Everything with the media is hype and dumb.
Read this breathless article.
"This is the weirdest I've ever found," said Greg Harris, the superintendent of the project for Sullivan-Cozart.
Two floors below Main Street, a large black and white logo displays the word "LATEX," presumably the name of the club, painted on the century old wall.
The wall is a century old, but the logo is decidedly not. But notice how those two concepts are used together in rapid suggestion to suggest maybe the club is a century old.
From deep inside the subterranean blackness, a series of oil paintings depict a series of bizarre images, sexual and violent.
"Very disturbing," Harris said.
Below one painting, a piece of equipment that appears fit for a torture chamber remains. A wooden rack large enough for one or two people includes a headrest and a rusted chain that can be turned by a handle. A gear resembling a saw blade is connected to the handle.
Okay. The name "Latex" suggests to me that this was an 80s club. Or even the 90s. So, it's not exactly ancient.
There is what appears to be a rack, but my guess it is used as a table, and was chosen to give an "edgy" vibe. Even though it's just used as a table. Like a dude who buys a coffin and uses it as a coffee table.
The "oil paintings" of "bizarre images, sexual and bizarre" turn out to be Goya's very famous Saturn Devouring His Child (explicit, violent painting warning) and Munch's equally famous The Scream.
You've probably seen them. On people's walls, in college. Pictures of the paintings are somewhere in the 20s in the slideshow that accompanies the article.
There's a third painting but the picture is taken at an oblique angle so I can't identify it.
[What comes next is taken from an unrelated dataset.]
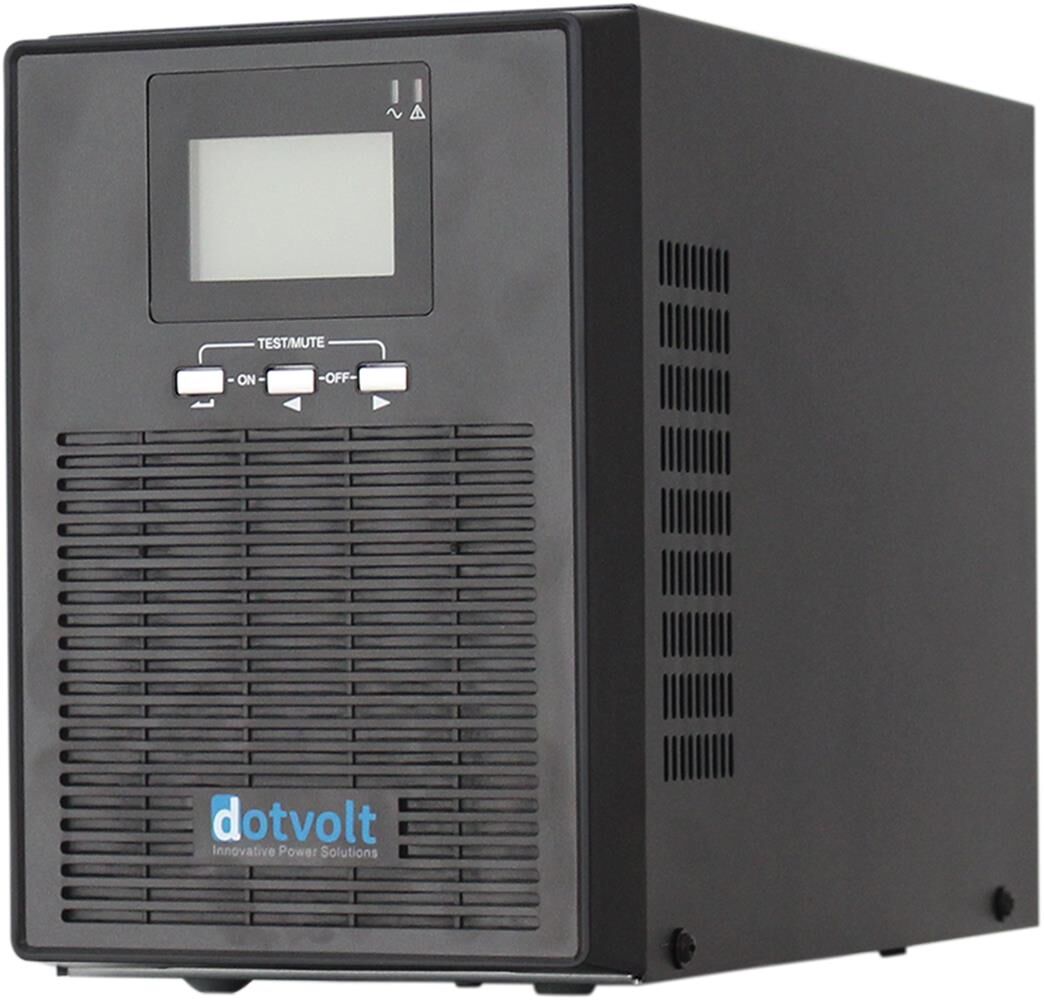 DOTVOLT VOLT MN 1 KVA (1-1) (2x7AH) 4-12 DK ONLINE UPS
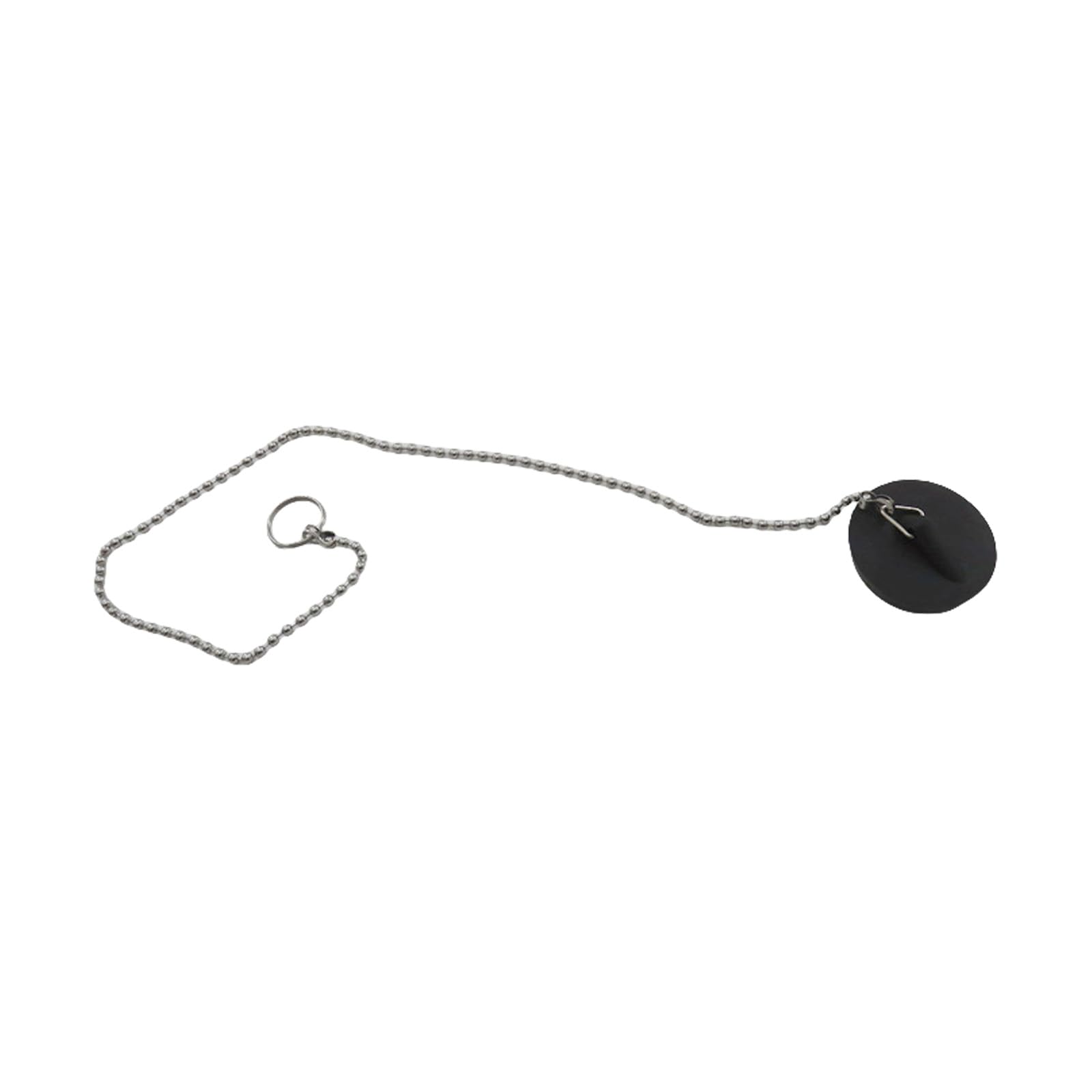 Non-slip Rubber Sink Stopper Smooth Adhesive Strong Drain Plug Upgrade for Standard Drain Pipe Kitchen Bathroom General Sink Stopper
Now, Goya's Black Paintings (of which Saturn Devours His Child is one) do have a kind of Call of Cthulhu feel to them, being uncomfortable images, and including one painting of the Devil at a coven. And there's a whole strange backstory to how he painted them on his walls and never told the public they even existed. (Which has led, as all interesting things must, to a conspiracy theory, that they are fakes and weren't even painted by Goya.)
But... you know, not exactly new. They date from like 1830. And not exactly arcane. And this is just the sort of vibe that an "edgy, happening" bar would like to swipe for itself.
My point is that this is probably just a seedy unlicensed bar from the 80s or 90s that tried to be all happening and edgy. Based on this thin evidence, there is really no reason to go screaming about a "Secret Underground Sex Club From Ancient Days."
Is this interesting? It's marginally interesting, I guess, to find a forgotten, dead bar from the 80s or 90s.
It is not nearly as interesting as "Secret Underground Sex Club Discovered In Old Civil War Mineshaft," which is the sort of vibe this sells.
The real deception comes in branding extremely well-known paintings (reproductions, of course) as "bizarre images, violent and sexual," as if this is some kind of Cthulhu cultists' representation of the First Ring of Hell.
Are they just that dumb? Or are they selling you dumb? I don't know.